Aim of the task »
Retype exactly the lines of the listing below from the one with "Naples Condo |" through the last, both included, and leave every picture out.

Supplied material »

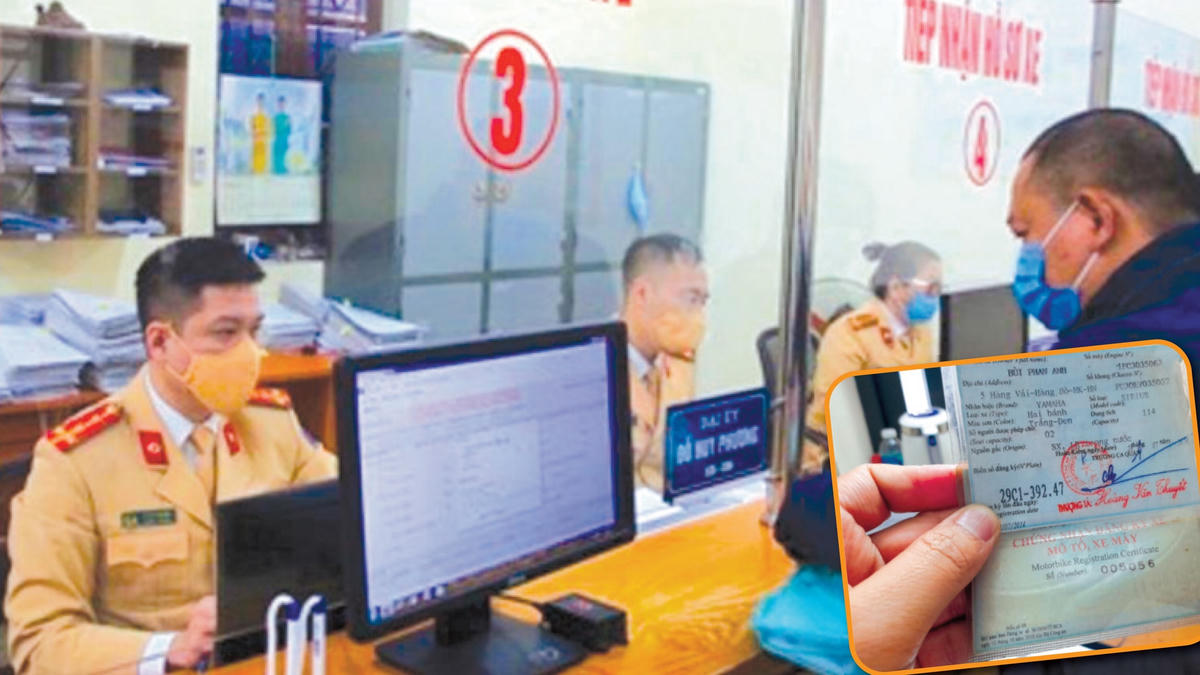Cán bộ Cảnh sát giao thông thực hiện đăng ký phương tiện giao thông cho người dân. Ảnh: TL.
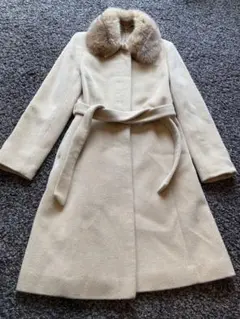 アンゴラ　ウール混　ベージュロングコート　ベルトつき　Aライン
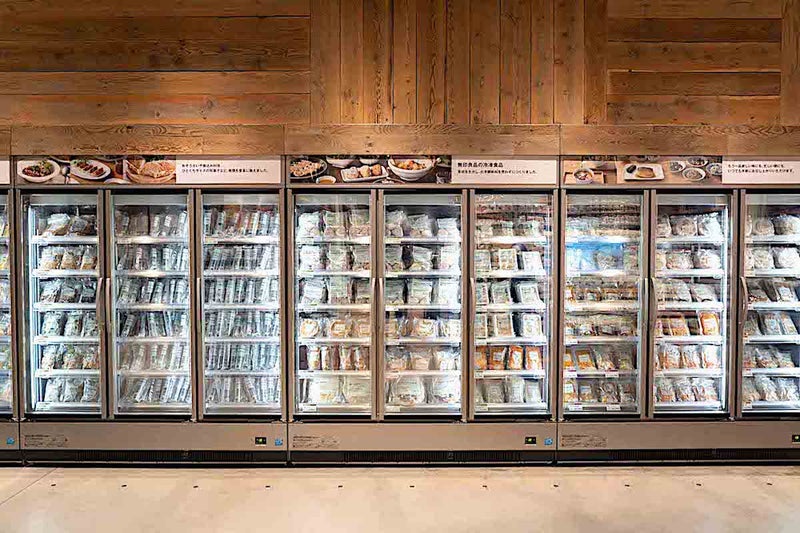 「無印良品 東京有明」の内覧会で撮影されたまるでスーパーのような冷凍コーナー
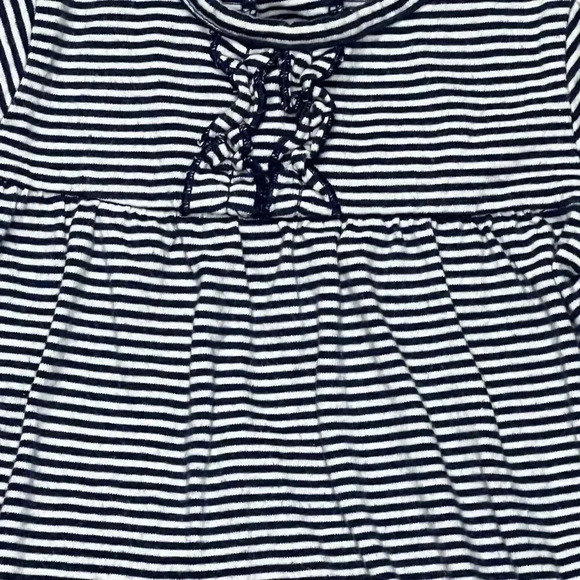 OLD NAVY 2 piece outfit- long sleeve striped onesie & jeans size 3-6 months - Picture 4 of 7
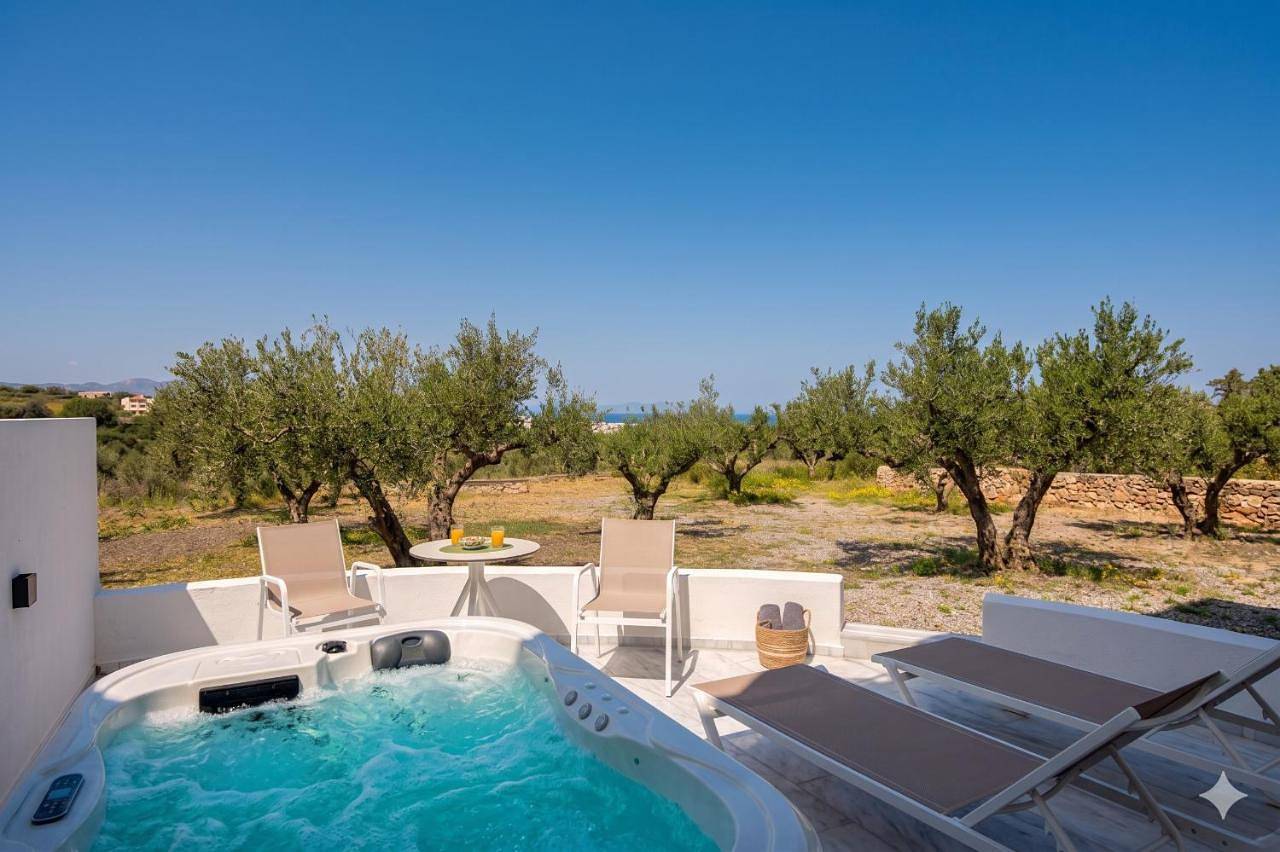 Appartement entier, Modernist Spa Suites - Grambella Olive Estate in Région de Réthymnon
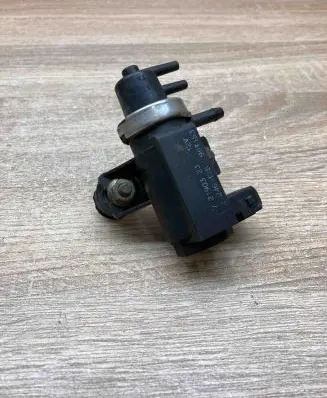 BMW 5 E39 Turbo solenoid valve 72190323 2246175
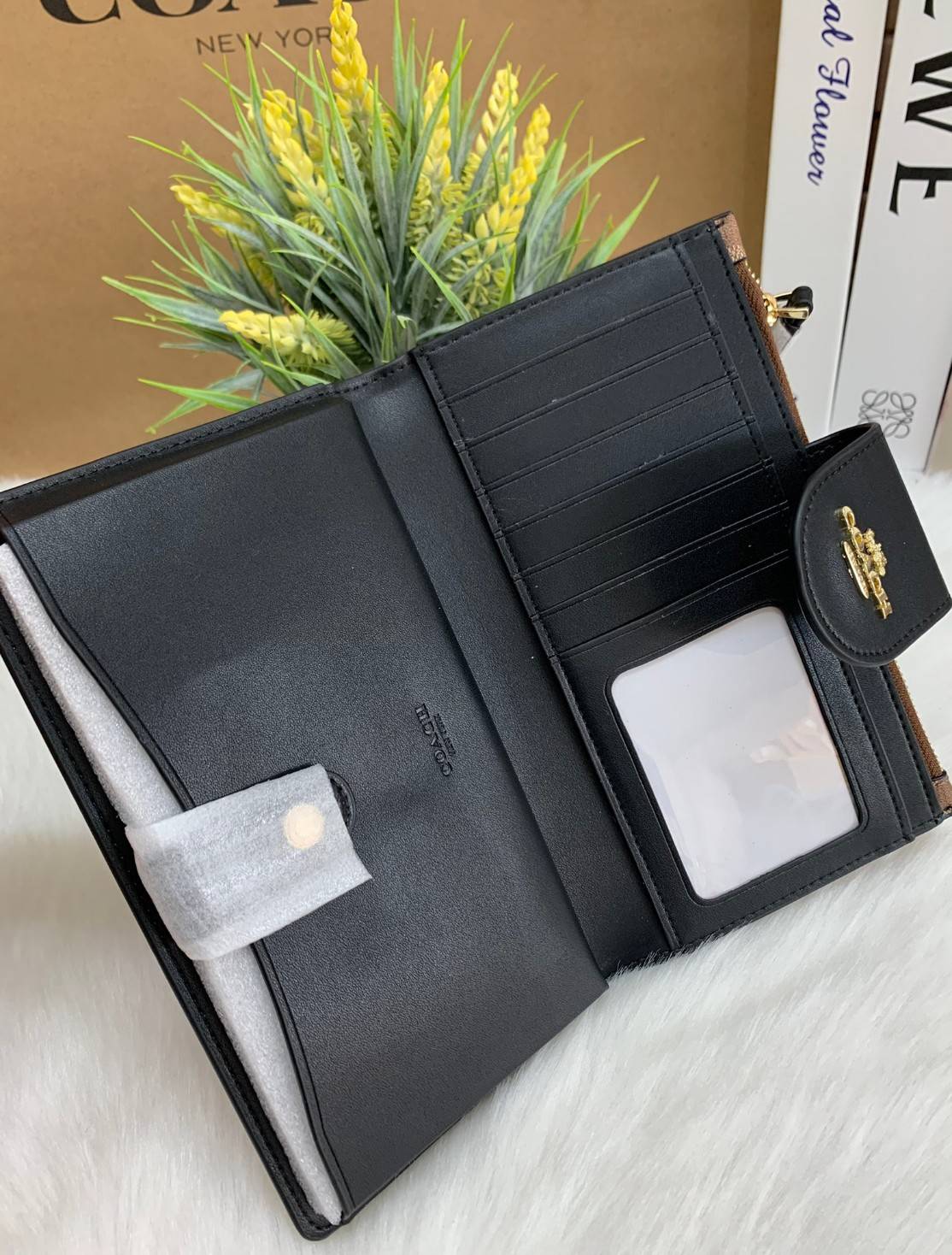 พร้อมส่งครบ 5 สี กระเป๋าสตางค์ที่สาวๆต้องมีติดตัวค่าา😘 COACH TECH WALLET IN COLORBLOCK SIGNATURE ((C2874)) ✔️กระเป๋าเงินใบยาว หนังแท้ พร้อมสายคล้องมือในตัวค่ะ ✔️เปิดปิดด้านหน้าแบบฝากระดุม ภายในมีช่องใส่ธนบัตร2ช่อง ;สามารถใส่มือถือ ip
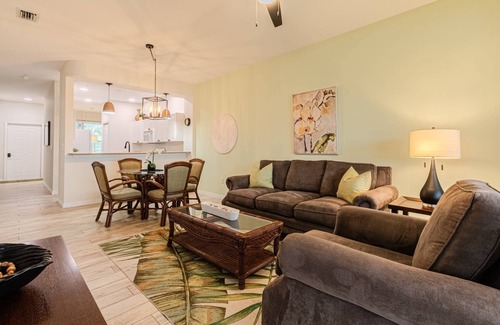 Naples Condo | GreenLinks/Lely Condo; Renovated w/Amazing View/Resort Amenities; Near Beach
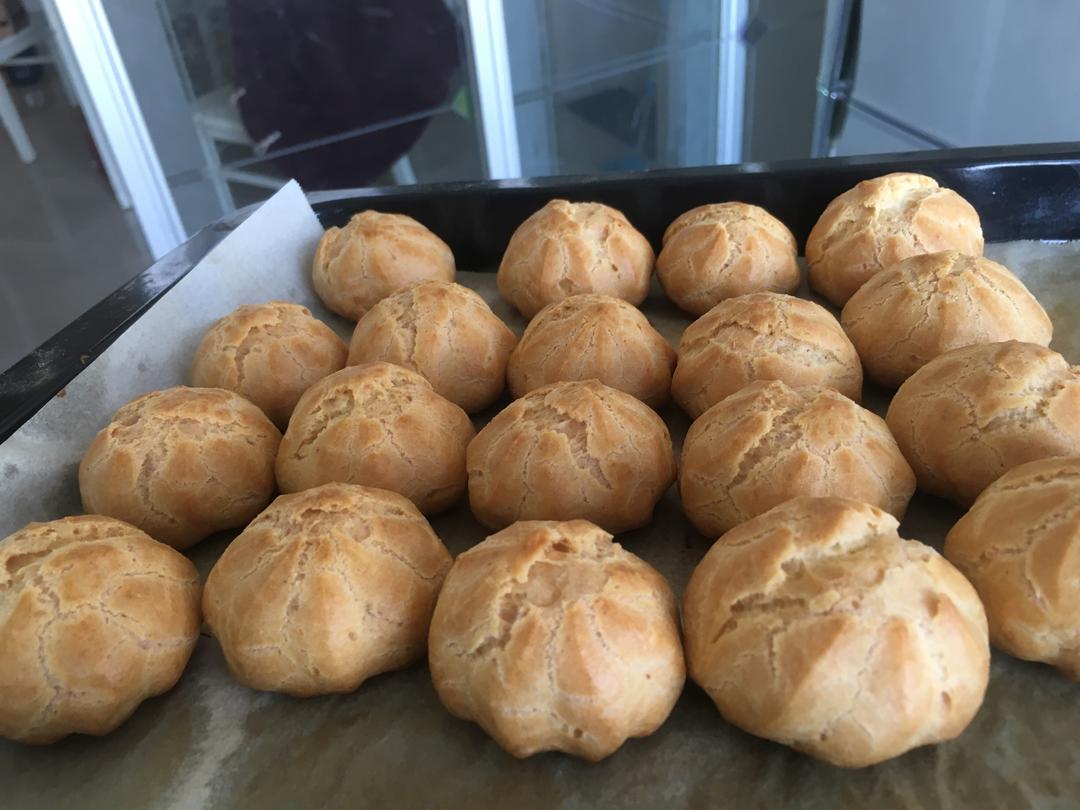 《Tinrry下午茶》教你做香草泡芙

Answer area »
 Naples Condo | GreenLinks/Lely Condo; Renovated w/Amazing View/Resort Amenities; Near Beach
 《Tinrry下午茶》教你做香草泡芙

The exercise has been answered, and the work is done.